Rounduptags: Iraq War, international relations, Liberal Internationalism
Daniel Bessner is an associate professor in International Studies at the University of Washington. He is a non-resident fellow at the Quincy Institute for Responsible Statecraft and a contributing editor at Jacobin.
In 1989, Francis Fukuyama predicted that the human species had reached “the end of history.” Throughout the world, elites had recognized that liberalism, characterized by political democracy and free markets, was the only ideology capable of addressing humanity’s problems. To Fukuyama, this suggested that eventually, whether it took a year, a decade, or a century, at some point in the future, all of humankind would embrace technocratic liberalism.
It was unclear, though, what the end of history would mean for US foreign policy. Since liberalism’s advent in the era of the French Revolution, the ideology was connected with empire. Throughout the nineteenth and early twentieth centuries, liberalism served as a primary justification of empire, as states from the British to the French to the American insisted that it was right and good to “promote” liberal values at the barrel of a gun. The word “liberal” itself was spread across Europe by Ur-liberal imperialist Napoleon Bonaparte.

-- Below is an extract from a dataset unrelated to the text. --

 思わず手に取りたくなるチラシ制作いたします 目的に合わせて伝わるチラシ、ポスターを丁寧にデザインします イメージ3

The modern American empire was part of this proud tradition. During the Cold War, the United States became the global hegemon, and like previous hegemons, it constantly undertook military interventions abroad. To justify their nation’s wars, US elites claimed that they were defending liberalism against communists who wanted to destroy it.
But in the late 1980s and early 1990s, the imperialists faced a problem: as the Cold War wound down and the Soviets, per Fukuyama, began to accept liberal capitalist principles, the US empire started to lose its raison d’être. If the United States no longer faced an existential communist enemy, there was no justification for a globe-spanning empire. What were the imperialists who were still bent on maintaining that empire to do?

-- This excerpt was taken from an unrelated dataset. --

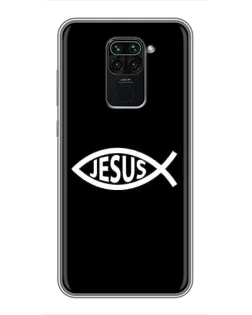 Чохол для Xiaomi Redmi Note 9 з картинкою «Класичний Jesus»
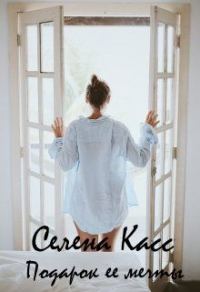 Обложка книги «Подарок ее мечты»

The answer: go on the offensive. Instead of waiting for history to end abroad, the United States would force its end — with missiles and troops, if necessary.
The US invasion of Iraq in 2003 was part of this post–Cold War liberal project. (While the term neoconservative has the word “conservative” in it, neocons are basically just Cold War liberals with a different name. Moreover, in a technical sense, both Democrats and Republicans embody different species of liberalism.) The military-industrial complex’s profit-seeking motives and the never-ending US thirst for oil were key causes of the invasion, but leftists should be careful not to downplay its ideological origins. Not every imperialist is as nakedly and unabashedly power-hungry as Dick Cheney; some need to imagine that they are good people carrying out a noble cause. They are able to do so by persuading themselves that their efforts are righteous and necessary for human progress.